- Destiny Yarbro
My Three 'Aha' Moments from University of the People's Curriculum Design Course
I took a course on Curriculum Design for two reasons. First, I am a sign language teacher who finds the current ASL curriculum options to be lacking. Second, in founding InterSign University in 2015, I created a platform and curriculum to support Deaf teachers around the world as they teach their language online (such as Nepali, Korean, Russian, Ghanaian, and Vietnamese Sign Languages).
What I hope to take away from this course is all that I have learned regarding how to create meaningful, on-point, and flexible curriculum. We explored this idea in a variety of ways throughout the course, but the following were “aha” moments for me.

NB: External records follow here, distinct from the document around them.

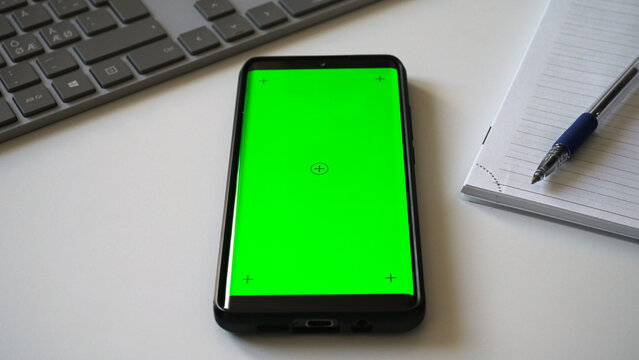 Smartphone with green screen chromakey on white desk.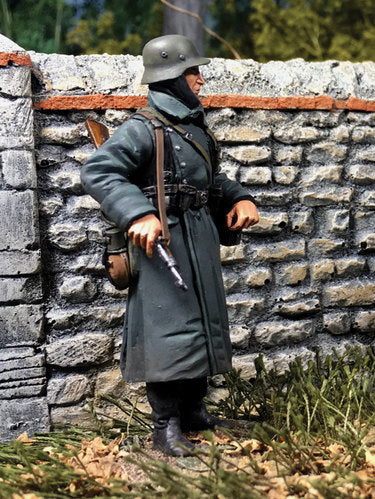 Toy soldier German Volksgrenadier Standing with Ammo Can. Standing near stone wall.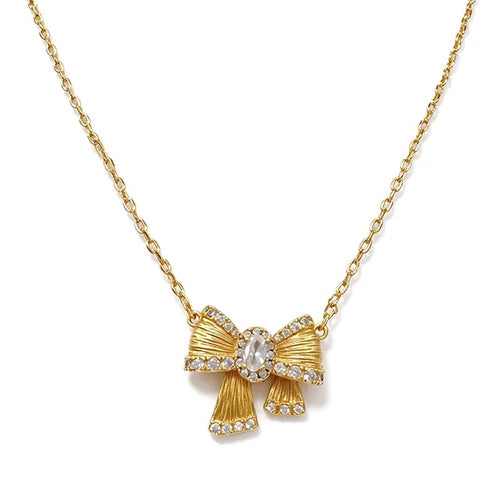 Close-up of the brushed gold bow pendant and its centre stone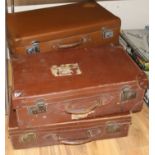 Four leather suitcases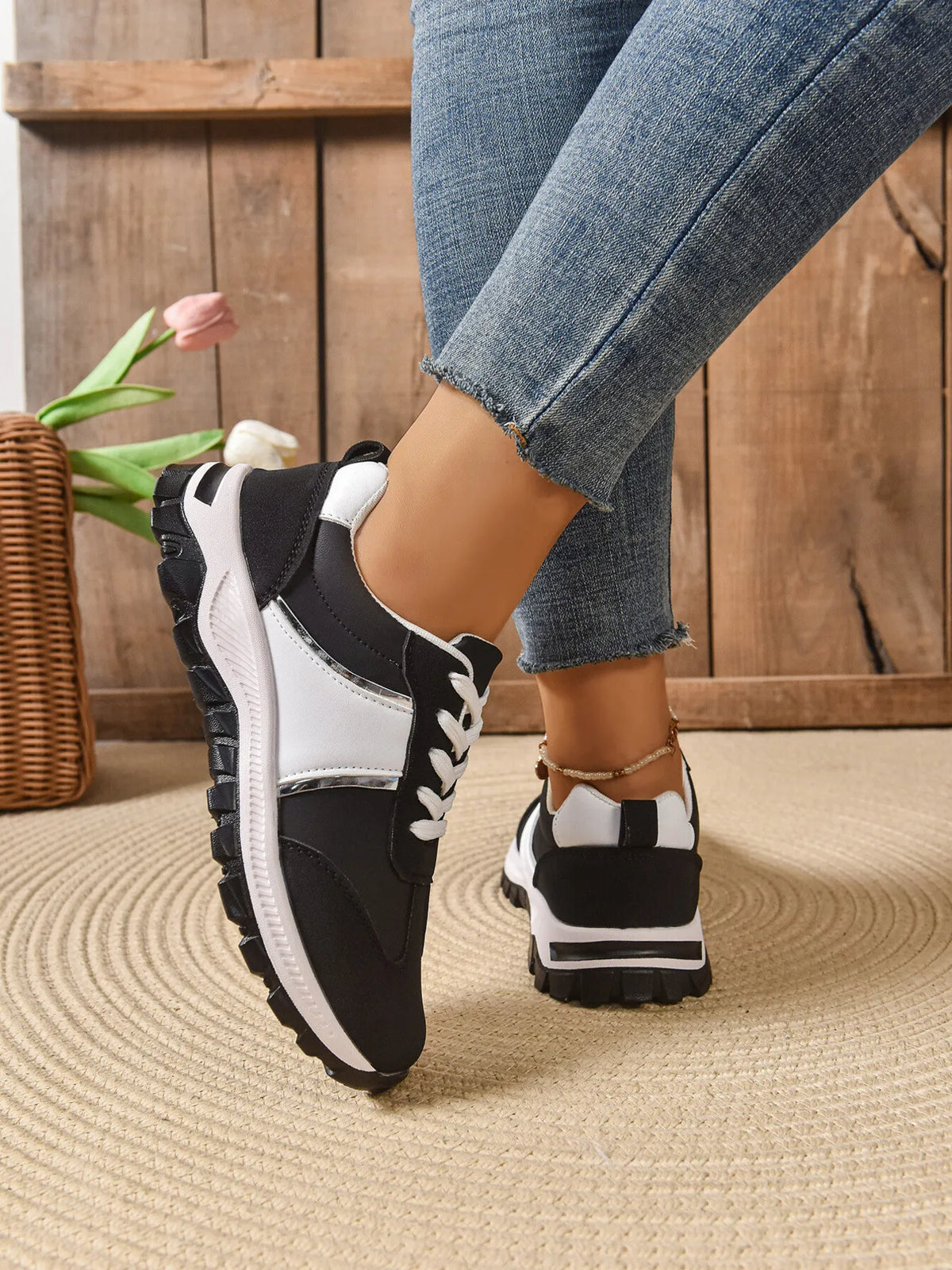 Contrast lace-up sneakers from Trendsi, showcasing stylish footwear with a sleek design and contrasting laces.
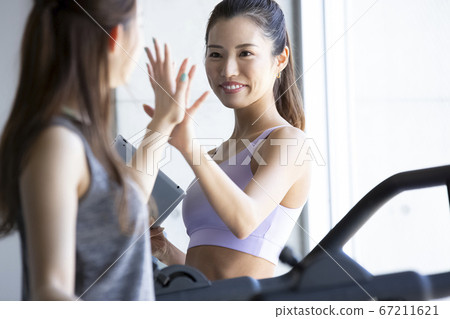 Female trainer working in the gym Female trainer working in the gym 67211621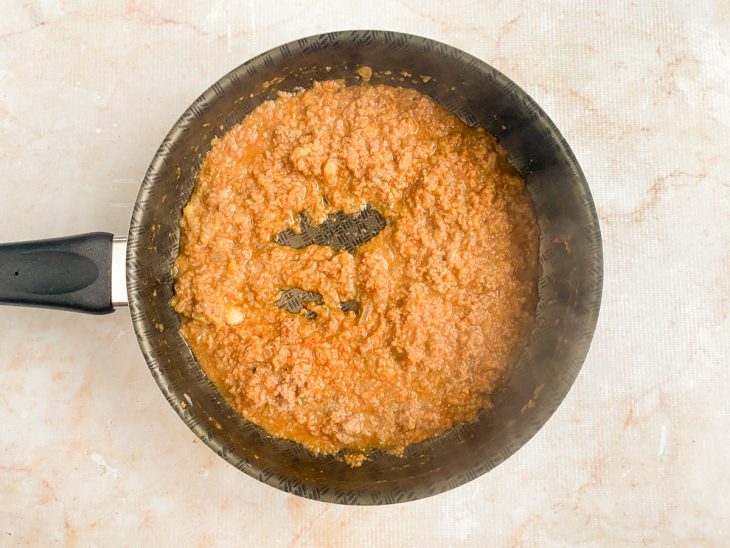 adição de atum e molho de tomate ao refogado para fazer o molho de macarrão.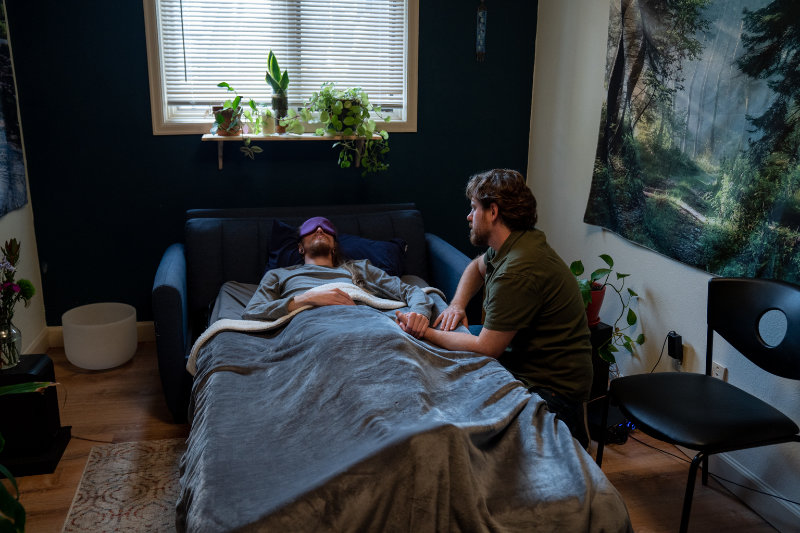 Psychedelic guide providing support to a client undergoing legal psychedelic therapy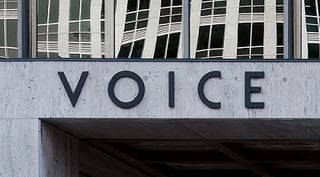 writing an About us page: Voice on a building
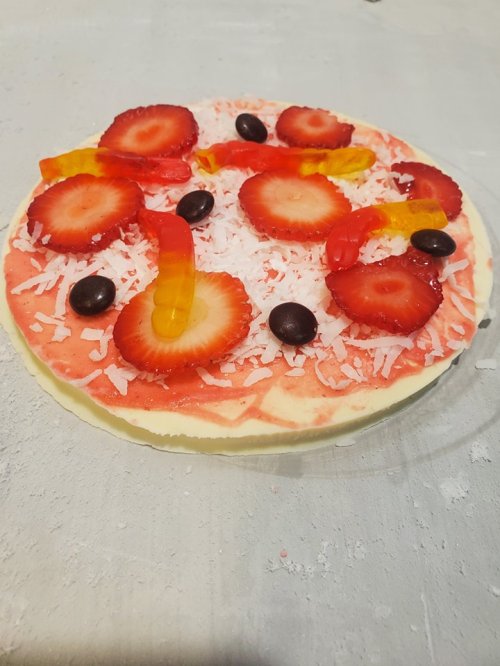 A colorful dessert pizza topped with strawberries, gummy worms, chocolate candies, and shredded coconut on a crust.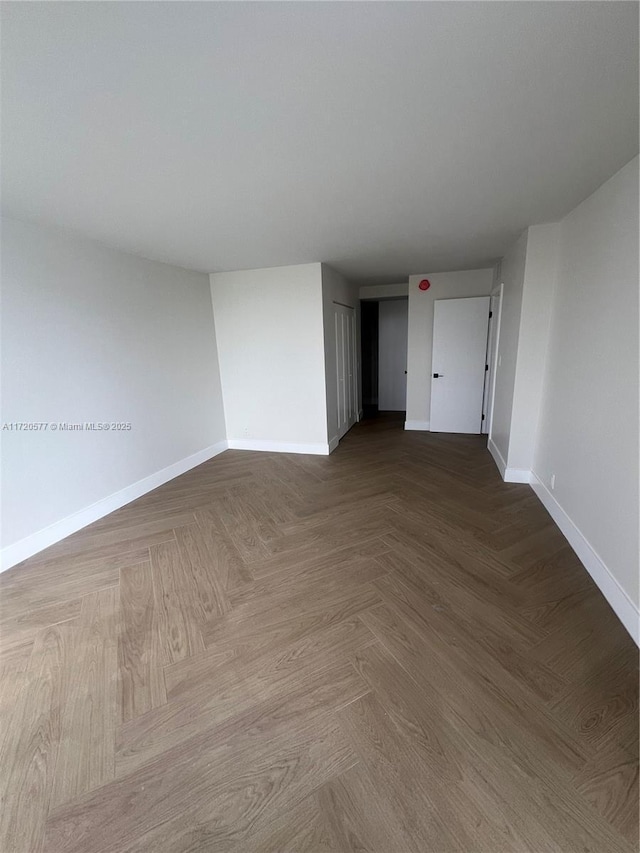 empty room with parquet flooring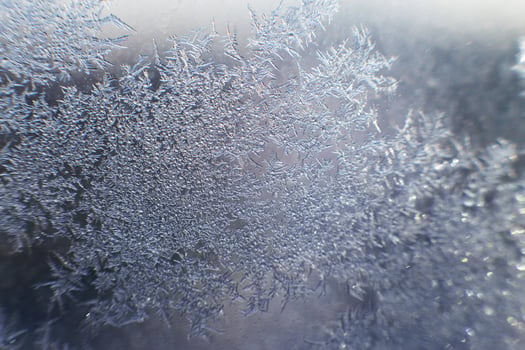 snow pattern on the glass from frost photo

1. Start with the “intents.”
Even though Stake (1967) was referring to curriculum evaluation when he wrote of “intents”, my mind latched onto the fact that curriculum designers must first start with the intentions of a curriculum before ever proceeding to the next steps. In other words, just as Au (2007) recommended educators not “teach to the test”, curriculum developers must not build curriculum to the test, but instead see testing as a support to the curriculum. They must first identify priorities and then build the curriculum to reach these goals. With InterSign University’s curriculum, my goal was first to create courses for travelers but in the last year, my focus has realigned with a different intent: interpreters who desperately need familiarity with a variety of sign languages to better meet the demands of their jobs.
2. Miseducative vs. Educative
John Dewey (1938) promoted experiential learning in the classroom but warned that “the belief that genuine education comes about through experience does not mean that all experiences are genuinely or equally educative. Experience and education cannot be directly equated to each other… Any experience is miseducative that has the effect of arresting or distorting the growth of further experience” (p. 8). In my milieu of teaching minority languages, I have seen how easy it is for language teachers to give assignments that keep students busy or achieve an academic goal, rather than making sure each experience deliberately stimulates meaningful discussion in the classroom and further exploration of the subject outside of the classroom. For me, I want to remember that in this case, less truly is more. It is better to provide a few meaningful educative experiences for my students than a multitude of superficial, miseducative activities that feel productive in the moment, but do little to further their life language goals.
3. Standardized testing is bad...or is it?
Another aha moment came this last week. I have a strong aversion to standardized testing; it is a rigid, sterile, and shallow way to “assess” students’ abilities and knowledge. I relate to Au (2007) in seeing that standardized testing priorities only a few subjects while “nontested subjects [are] increasingly excluded from curricular content” (p. 260). And I agree with Cunningham (2018) that this form of testing is yet another way that differences from the “dominant society” are “systematically” erased. However, one of my classmate’s papers last week helped me open my mind to another perspective. Benjamin Currie pointed out that perhaps rather than viewing standardized testing as good or bad, it would be more beneficial to recognize its limitations and provide other types of assessments to supplement them. Personally, I believe that more “authentic measures of assessments” should come first (Armstrong, 2018, p.129) with standardized testing playing a very limited supporting role in most classrooms, but I do see the point in utilizing both in the classroom.
Other elements of the course that had an impact on me personally was to read of Addams (1908) ground-breaking ideas regarding the intents of curriculum for children from immigrant families. Her ‘call to arms’ inspired me to move forward with my ideas regarding meaningful language learning in the U.S. And the questions McIntosh (1989) proposed in her seminal article on white privilege made me consider my own unearned advantages and unearned disadvantages in society.
But it has not necessarily been what we have read in the course that has been of most help to me. Rather, what has been valuable about this course is how each theory, method, question, and approach sparks ideas for the work I do as a teacher, writer, and social entrepreneur.
Adams, J. (1908). The Public School and the Immigrant Child. Journal of Proceedings and Addresses. https://educ820in2015.files.wordpress.com/2015/05/addams-1908-the-public-school-and-the-immigrant-child.pdf
Armstrong, T. (2018). Multiple intelligences in the classroom (4th ed.). ASCD.
Au, W. (2007). High-Stakes Testing and Curricular Control: A Qualitative Metasynthesis. Educational Researcher, 36(5), 258-267. http://jwilson.coe.uga.edu/EMAT7050/articles/Au.pdf
Cunningham, J. (2018, Nov. 20). Missing the mark: Standardized testing as epistemological erasure in U.S. schooling. Power and Education, 11(1). https://journals.sagepub.com/doi/full/10.1177/1757743818812093
Dewey, J. (1938). Experience and education. Simon and Schuster. http://ruby.fgcu.edu/Courses/ndemers/Colloquium/ExperiencEducationDewey.pdf
McIntosh, P. (1989). White Privilege: Unpacking the Invisible Knapsack. National SEED Project on Inclusive Curriculum, 1-7. https://nationalseedproject.org/images/documents/Knapsack_plus_Notes-Peggy_McIntosh.pdf
Stake, R. (1967). The Countenance of Education Evaluation. Teachers College Record, 68(7).